El gobierno de Sánchez se ha destapado como una banda de saqueadores con voluntad de imperio y reproduce, como tal, todos los vicios de las viejas dictaduras. La identificación del partido con el líder alcanza su corolario en la identificación del líder con el país, y Sánchez a diario nos da a entender que la dignidad de nuestras vidas está conectada y es inseparable de su permanencia en el poder. Su resistencia numantina en el trono de un palacio que se cae a pedazos es, para él, un gesto de responsabilidad hacia el país, de ahí que le doliera tanto cuando Gabriel Rufián le dio el pellizco aquel en el Congreso: "La izquierda no roba", le advirtió el líder secesionista de ERC.
Pedro Sánchez se siente protagonista de una misión, de un plan cuyo objetivo último se encuentra en los medios para alcanzarlo: su propia supervivencia. El que entró salvador y salió victimizado en Paiporta, el que supeditó la ayuda pública a la verbalización de la necesidad de ser ayudado, encara su propia DANA interna con el barro de la corrupción llegándole a los omóplatos y sintiendo que su capacidad de mantenerse a flote es una demostración de la fortaleza del país, un gesto heroico de resiliencia que pasa por alto que ese fango sobre el que flota es su propia inmundicia desbordada.

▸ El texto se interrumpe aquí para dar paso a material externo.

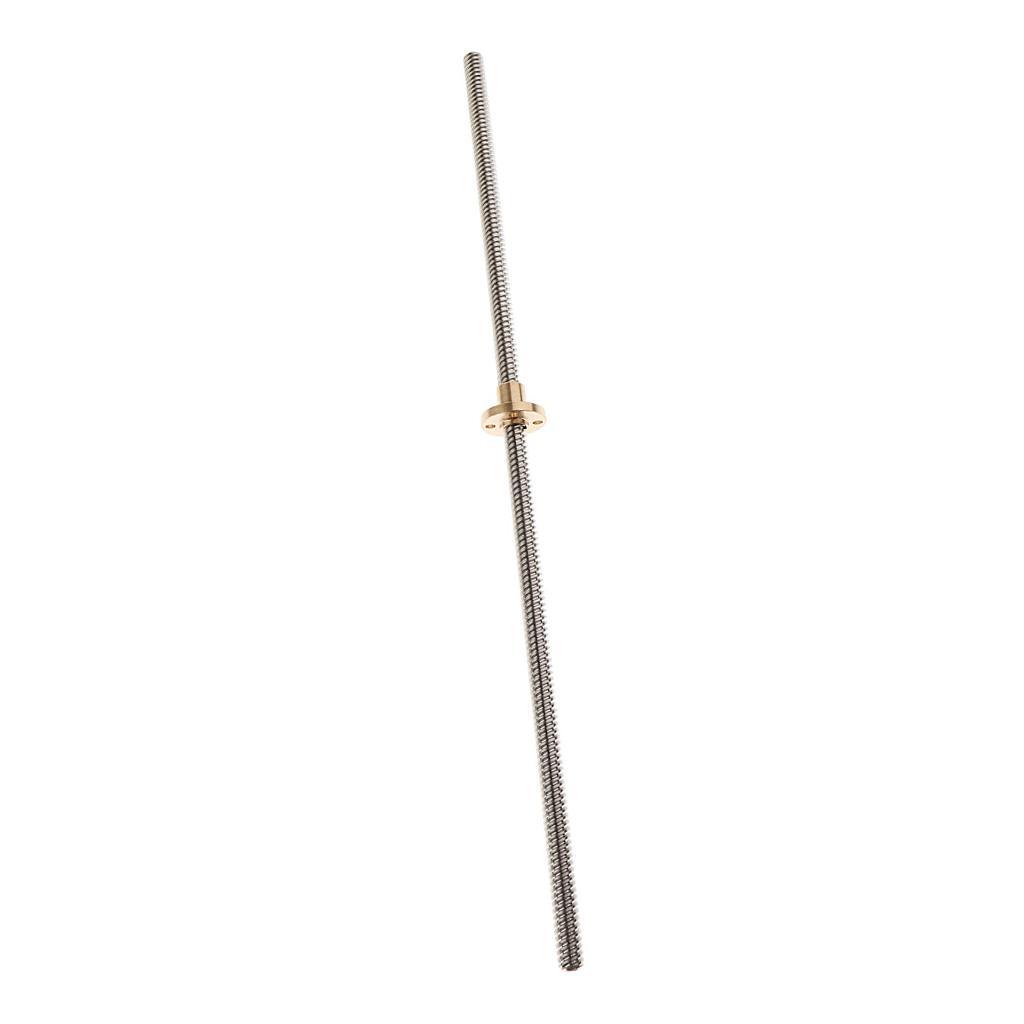 Premium 3D Printer Screw Rod Copper Nut Linear Rail Bar Shaft 330mm for Z Axis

Y que el desbordamiento nos alcanza a todos.
El espejismo de grandeza en el que se pretende perpetuar el gobierno lo sostiene una maquinaria de propaganda mediática que reescribe la realidad a conveniencia del líder y que no esquiva el maquillaje para presentarse con mayor naturalidad, para demostrarse más humano. Pero el hedor a podredumbre se escapa de las rendijas del búnker en el que Sánchez se ha atrincherado, un búnker que muchos creen que se llama PSOE pero que en realidad se llama España, donde el aire viciado de la corrupción asfixia la esperanza de un país que merece, a pesar de los votantes, respirar libre de socialismo.